Retrieval-Augmented Generation (RAG)

Although language models are becoming more capable, providing provenence and updating their knowledge are still problematic. Hence, researchers introduced the retrieval-augmented generation (RAG) approach in the paper “Retrieval-augmented generation for knowledge-intensive NLP tasks” in April-2021, as a means to introduce and update the parameteric knowledge pre-trained language models.

Advantages of RAG:

  • Reduce hallucinations: By leveraging non-parametric knowledge (i.e. a corpus of passages such as those from Wikipedia) in generating an answer to a given question, the RAG model allows for the generation to be more strongly grounded in real factual knowledge (per the corpus), thereby reducing halluciations.
  • Introduce knowledge via retrieval corpus: Using different retrieval corpus allows one to focus the generated answers on different domains, e.g. medical, financial, etc., or to knowledge that typically would not be found in the parametric pre-trained models, e.g. company documents.

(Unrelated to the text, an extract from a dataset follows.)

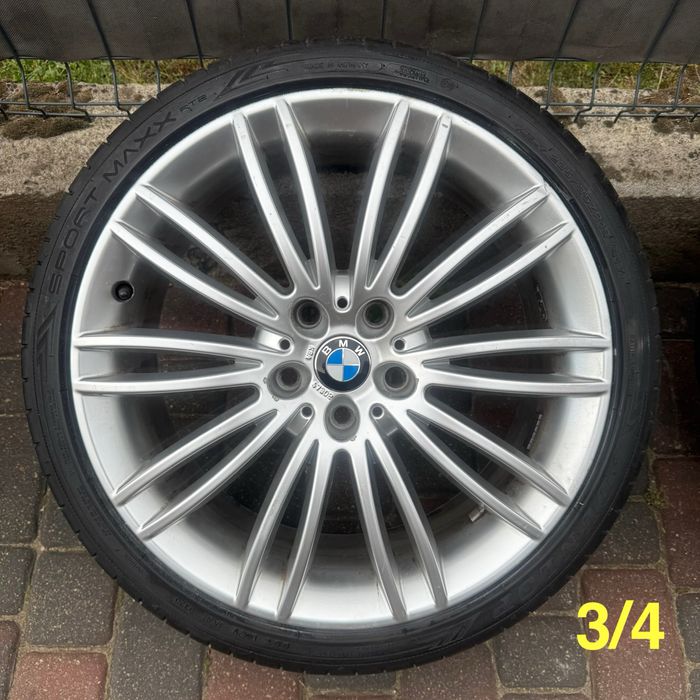 19 cali felgi koła do BMW F30 F31 F32 F34 E90 E91 E92 5x120 ET35 8J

Here are the main points of the RAG approach proposed in the paper:

  • Non-parametric memory: One of the two main components is the dense neural retriever, which provides latent Wikipedia documents conditoned on the input. Here, the authors used their previous work, the dense passage retrieval (DPR).
  • Parameteric memory: The other main component is a per-trained seq2seq transformer. Here, the authors used the BART seq2seq model. In RAG, this seq2seq model conditions on the latent documents retrieved by DPR together and the input, to generate the output.
  • Like T5 or BART, the RAG model (i.e. both the retriever and the seq2seq) can be jointly fine-tuned on any seq2seq task.

Models

Retriever: DPR

DPR uses a bi-encoder architecture: \(p_{\text{DPR}}(z|x) \approx \text{exp} (d(z)^{T} q(x))\)

  • where $d(z) = \text{BERT}_{d}(z)$ is a dense document representation by the BERT-base document encoder.
  • where $q(x) = \text{BERT}_q(x)$ is a dense query representation by the BERT-base query encoder.

Generator: BART

The authors used BART-large as the generator component: $p_{\theta}(y_i | x, z, y_{1: i-1})$. To combine the input $x$ with the retrieved document $z$ when generating from BART, the authors simply concatenate them.

RAG-Token Model

In the paper, the authors explored a RAG-sequence model, and a RAG-token model. Here, we will just describe the RAG-token model: \(p_{\text{RAG-Token}}(y|x) \approx \prod\limits_{i}^{N} \sum\limits_{z \in \text{top}-k(p(\cdot | x))} p_{\text{DPR}}(z|x) \text{ } p_{\theta}(y_i | x, z, y_{1:i-1})\)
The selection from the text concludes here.